## Task goal
From the first line to the last, return the data exactly, with no pictures.

Data items:
═══

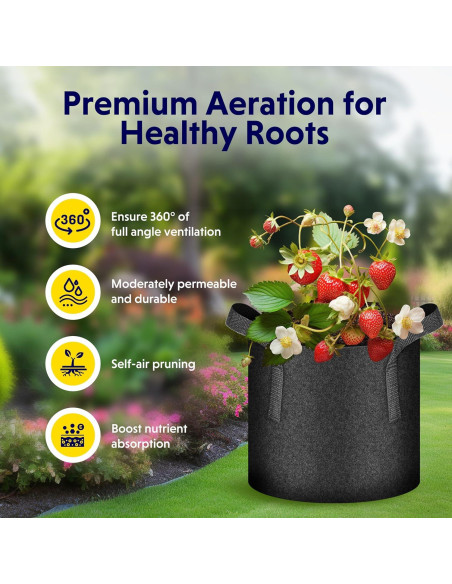 Macetas de Tela No Tejida iPower 11.4L 5 Paquete para Jardinería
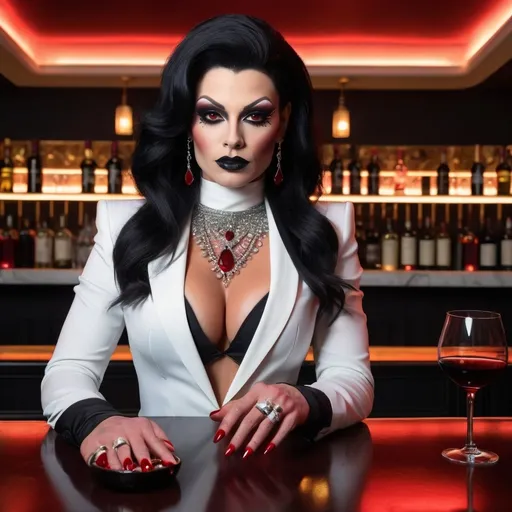 Prompt: A (strikingly beautiful muscular 35-year-old European drag queen), jet black hair, (vibrant red eyes), (large busom), sitting at a luxe lounge bar, (chalk white skin), (exotic features), (long black talon-like finger nails), wearing a (white blouse) and (black blazer), elegantly holding a glass of (blood red wine), adorned with a (jeweled scorpion choker), black bracelets with ruby gems, featuring a tuxedo clad bartender in the background, capturing rich ambiance with an air of danger & tension, (high detail), (soft light), (photorealistic), 8k resolution, sophisticated gothic atmosphere, pro cinematic photo quality, luxurious setting.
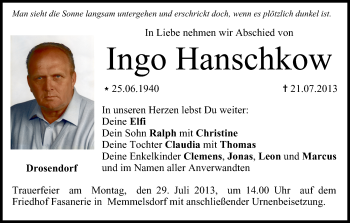 Anzeige von Ingo Hanschkow von MGO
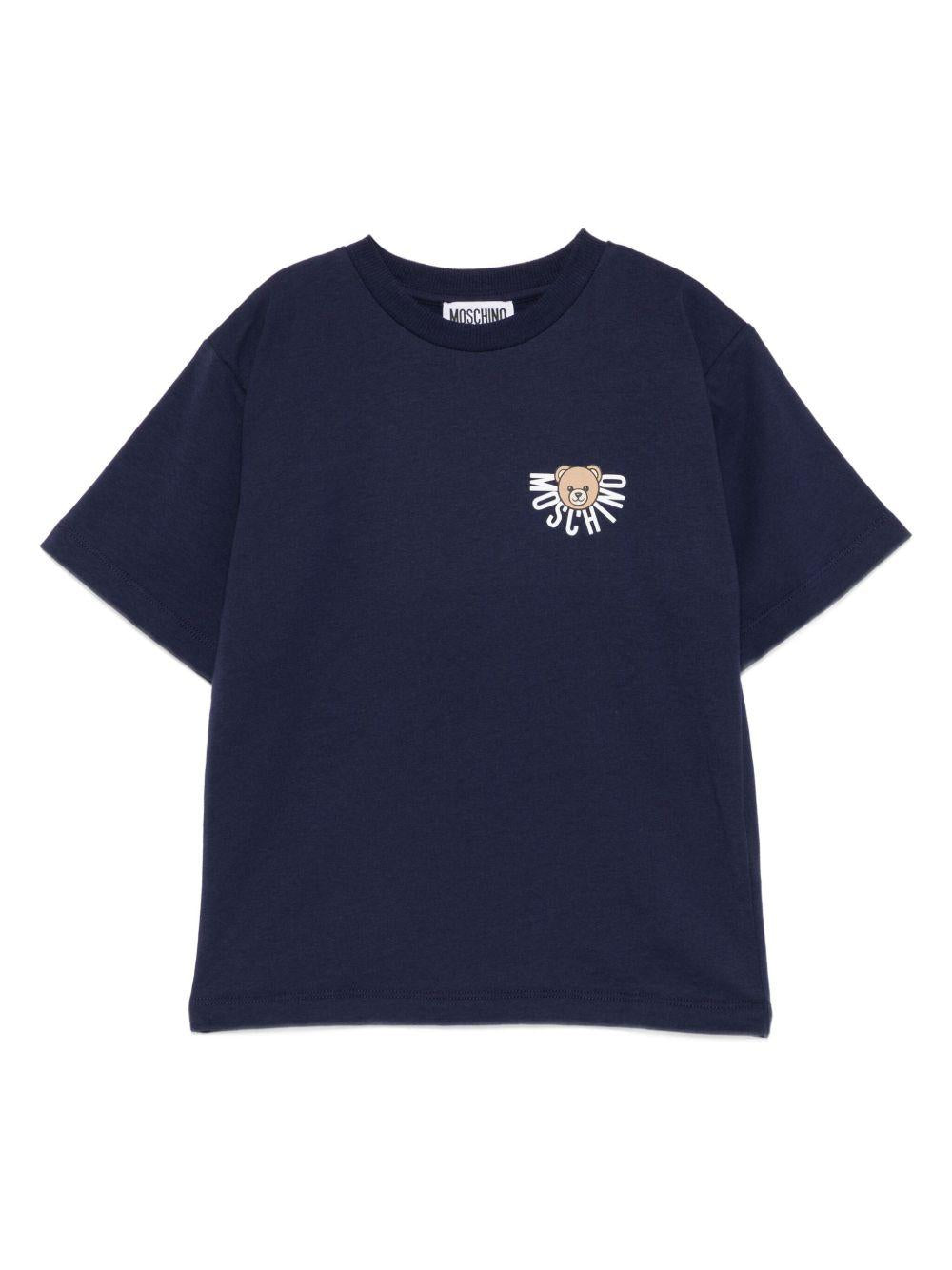 MOSCHINO T-shirt in cotone blu con logo 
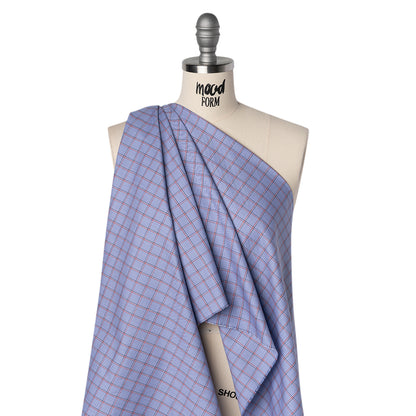 Cotton Shirting - Blue, Red and White Windowpane Checks - Deadstock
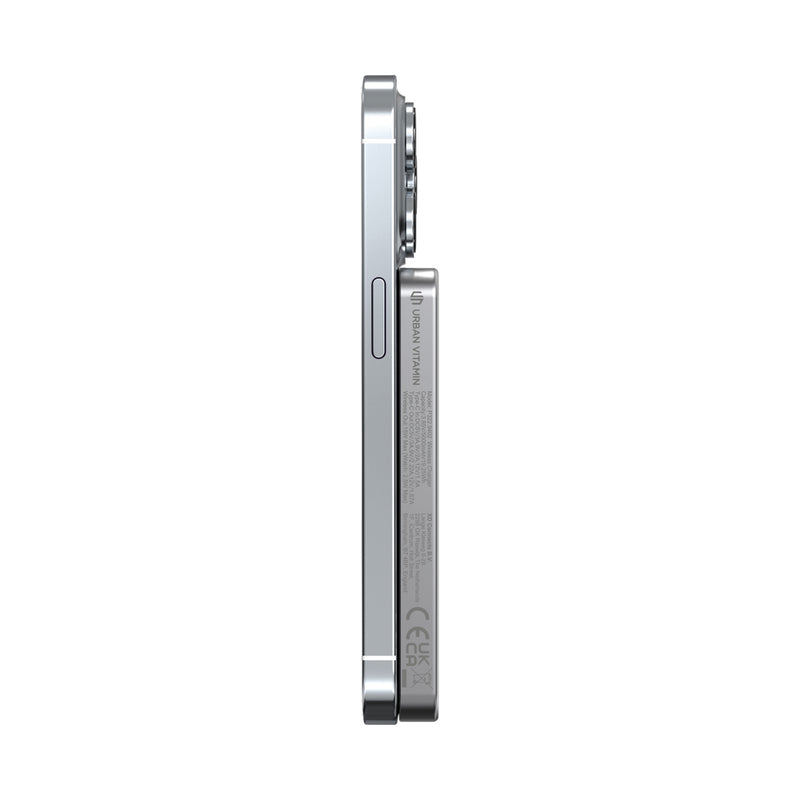 Load image into Gallery viewer, Urban Vitamin Marin 5000mAh magnetic wireless powerbank for phones and tablets, featuring 15W fast charging and sleek design.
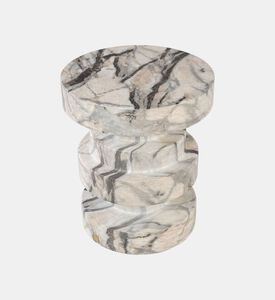 Spindle Concrete Marbled Stool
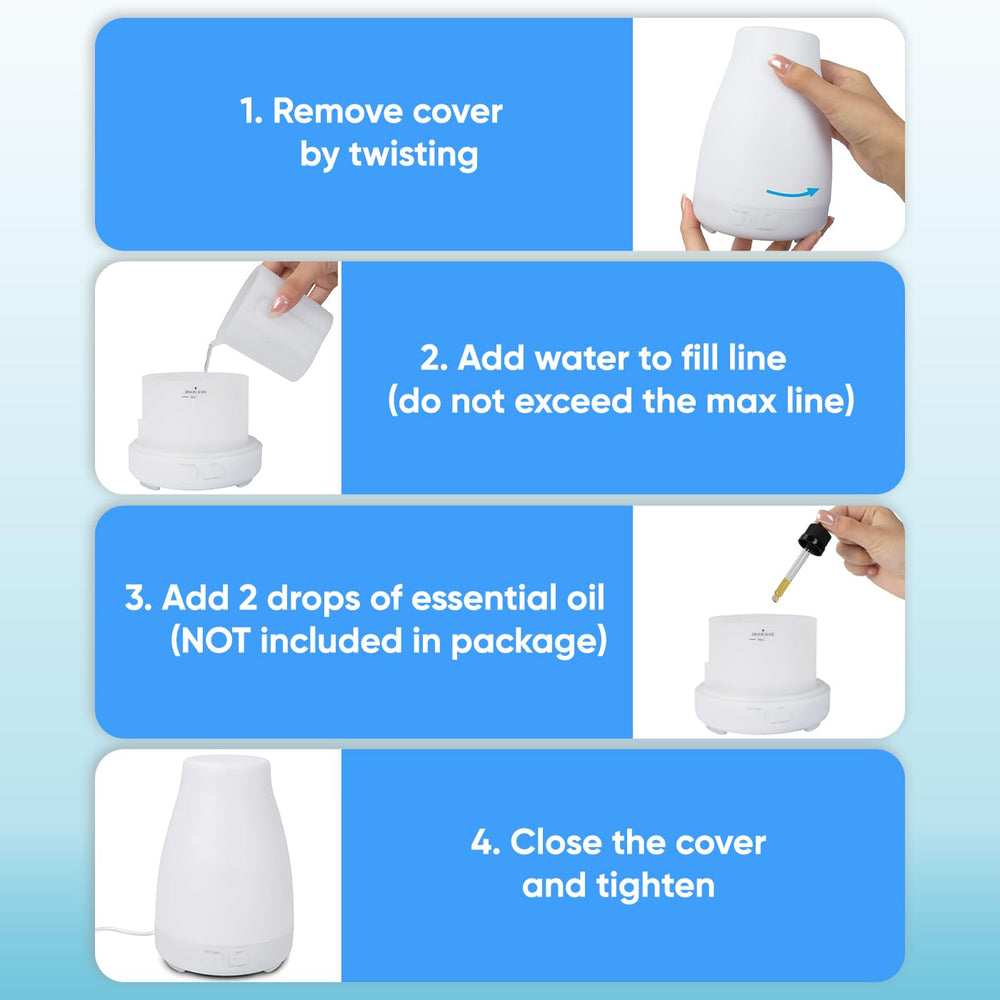HDE diffuser shows intermittent and continuous mist modes for customization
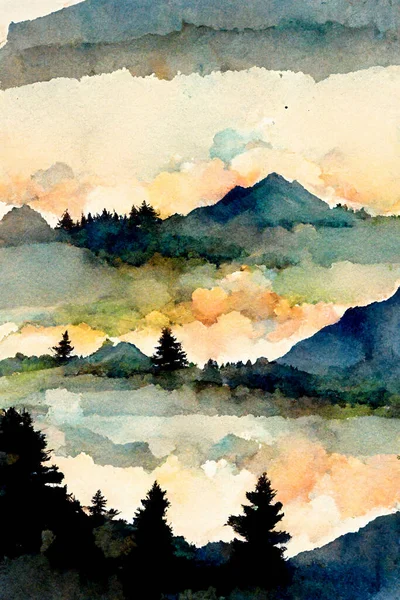 watercolor landscape with mountains and forest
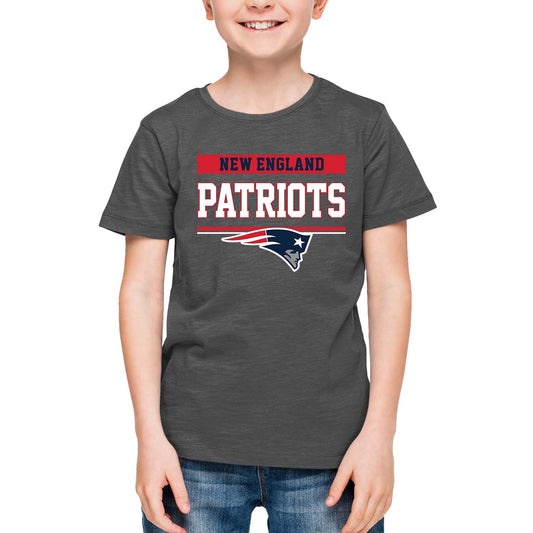 New England Patriots NFL Youth Short Sleeve Charcoal T Shirt - Charcoal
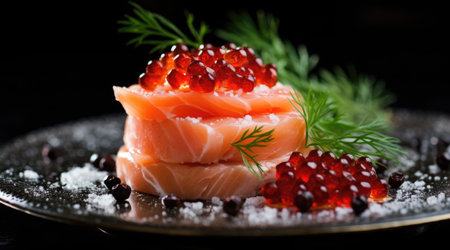 Salmon served and caviar on iceの素材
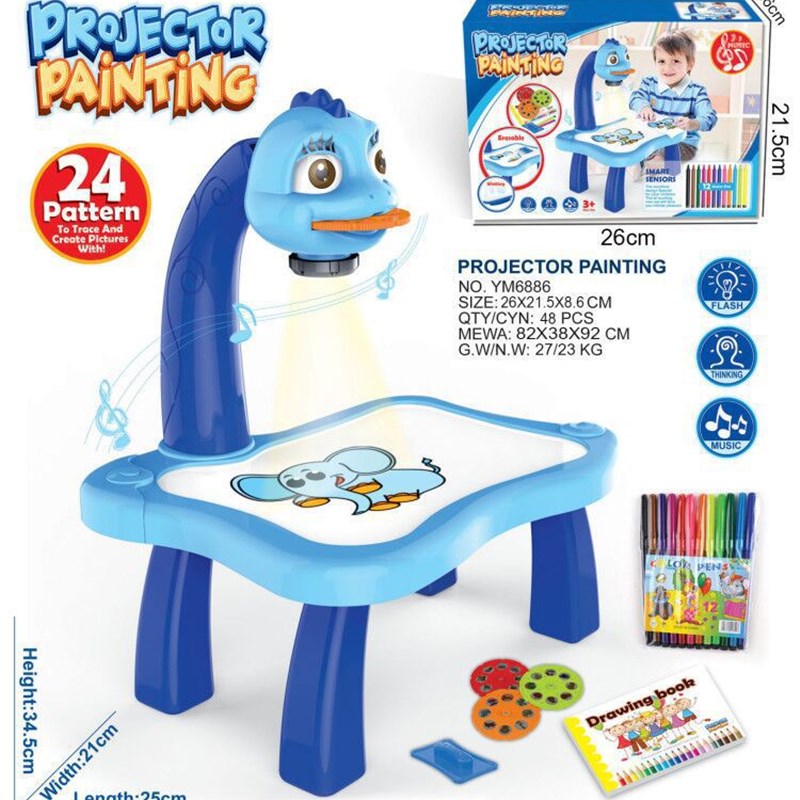 极速跨境儿童智能投m影绘画机启蒙早教画板桌 灯光音乐写字板涂鸦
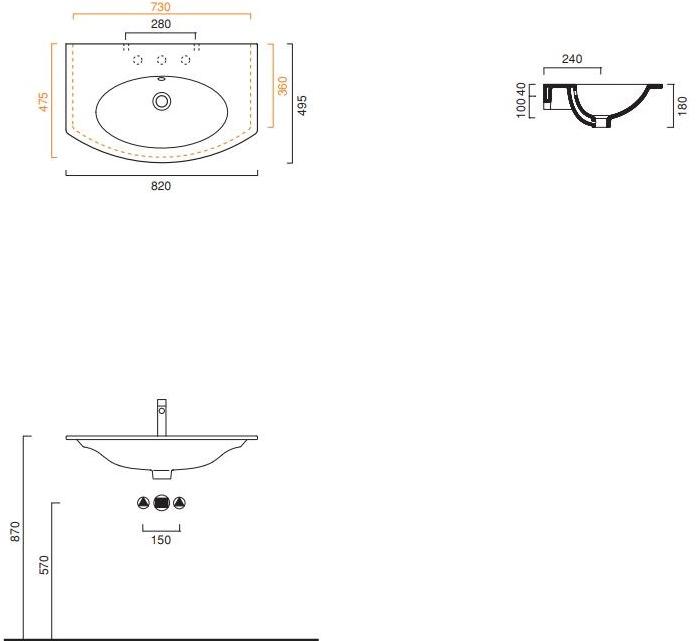 Подвесная раковина настенная овальная CERAMICA CATALANO Velis белая sun-id-1486485 - Вид №5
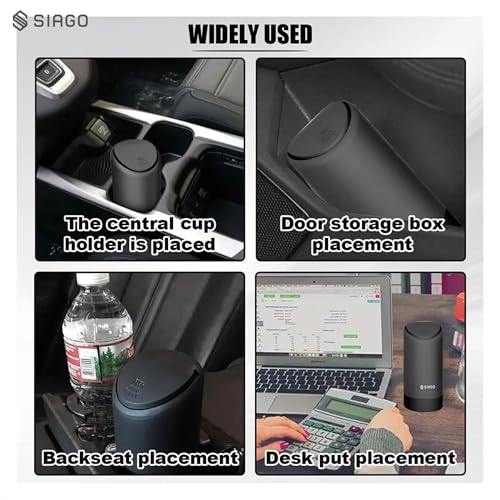 SIAGO Premium Mini Car Trash Can | Compact Silicone Dustbin with Secure Lid | Cup Holder Compatible Car Garbage Container for Tissues, Wrappers & Snack Bags | Easy to Clean & Odor Control | SIA114 - Image 4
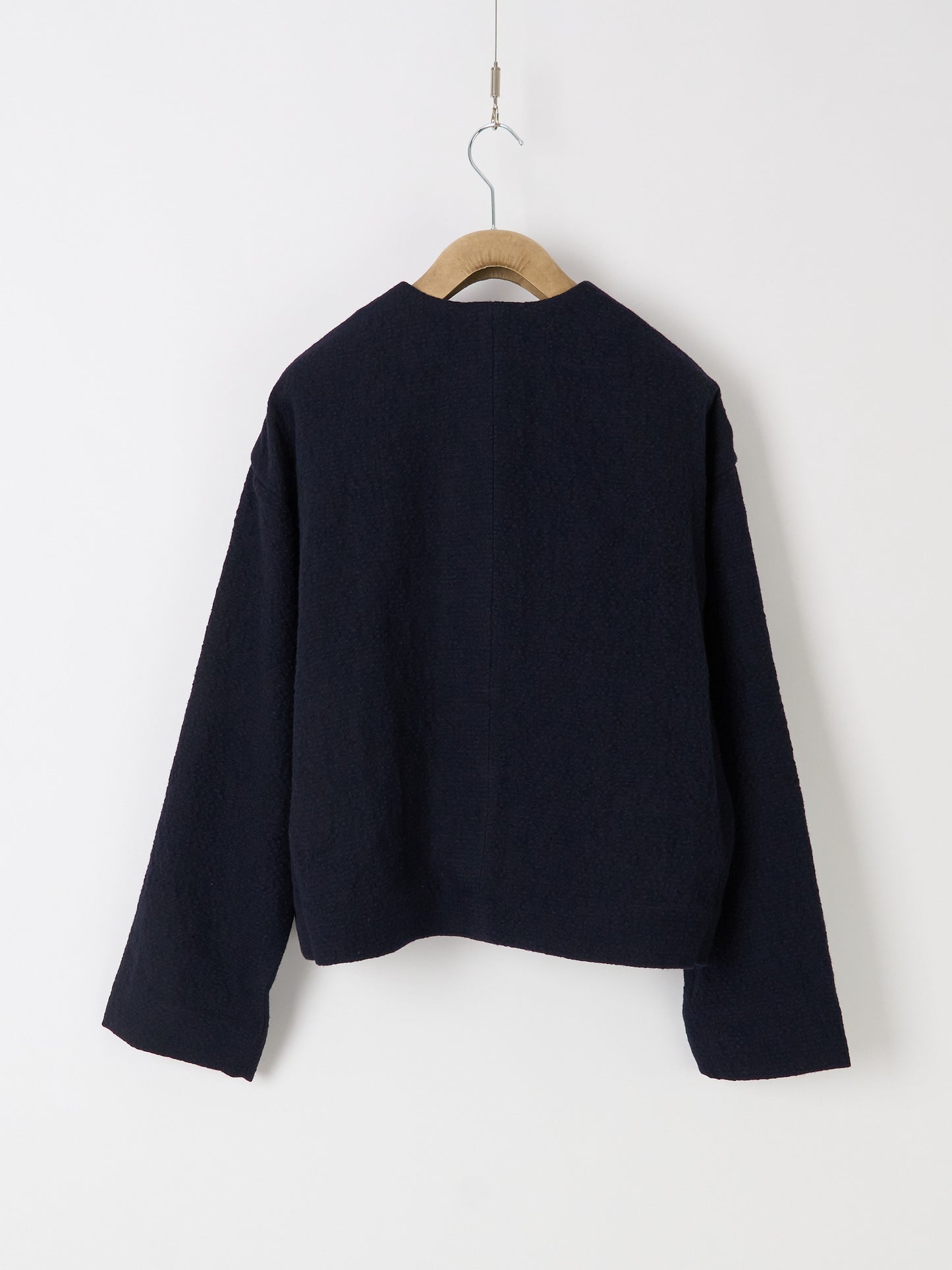 Bumpy Wool Linen Jacket - Navy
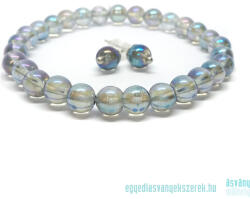  Boldogság fokozó, aura védő - akva aura kvarc ásvány karkötő és fülbevaló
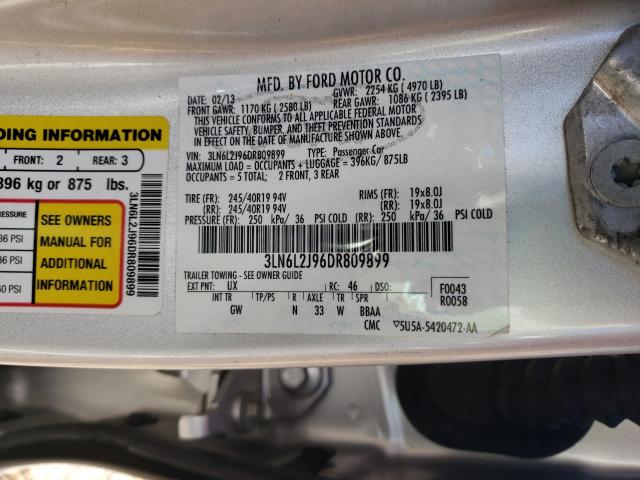 2013 LINCOLN MKZ 3LN6L2J96DR809899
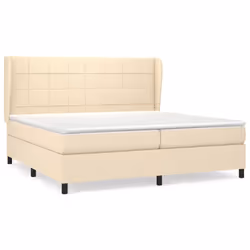 vidaXL Giroletto a Molle con Materasso Crema 200x200 cm in Tessuto - Vista aggiuntiva 2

═══

## Answer to this problem
 Macetas de Tela No Tejida iPower 11.4L 5 Paquete para Jardinería
 Prompt: A (strikingly beautiful muscular 35-year-old European drag queen), jet black hair, (vibrant red eyes), (large busom), sitting at a luxe lounge bar, (chalk white skin), (exotic features), (long black talon-like finger nails), wearing a (white blouse) and (black blazer), elegantly holding a glass of (blood red wine), adorned with a (jeweled scorpion choker), black bracelets with ruby gems, featuring a tuxedo clad bartender in the background, capturing rich ambiance with an air of danger & tension, (high detail), (soft light), (photorealistic), 8k resolution, sophisticated gothic atmosphere, pro cinematic photo quality, luxurious setting.
 Anzeige von Ingo Hanschkow von MGO
 MOSCHINO T-shirt in cotone blu con logo 
 Cotton Shirting - Blue, Red and White Windowpane Checks - Deadstock
 Load image into Gallery viewer, Urban Vitamin Marin 5000mAh magnetic wireless powerbank for phones and tablets, featuring 15W fast charging and sleek design.
 Spindle Concrete Marbled Stool
HDE diffuser shows intermittent and continuous mist modes for customization
 watercolor landscape with mountains and forest
 New England Patriots NFL Youth Short Sleeve Charcoal T Shirt - Charcoal
 Salmon served and caviar on iceの素材
 极速跨境儿童智能投m影绘画机启蒙早教画板桌 灯光音乐写字板涂鸦
 Подвесная раковина настенная овальная CERAMICA CATALANO Velis белая sun-id-1486485 - Вид №5
 SIAGO Premium Mini Car Trash Can | Compact Silicone Dustbin with Secure Lid | Cup Holder Compatible Car Garbage Container for Tissues, Wrappers & Snack Bags | Easy to Clean & Odor Control | SIA114 - Image 4
 Bumpy Wool Linen Jacket - Navy
  Boldogság fokozó, aura védő - akva aura kvarc ásvány karkötő és fülbevaló
 2013 LINCOLN MKZ 3LN6L2J96DR809899
 vidaXL Giroletto a Molle con Materasso Crema 200x200 cm in Tessuto - Vista aggiuntiva 2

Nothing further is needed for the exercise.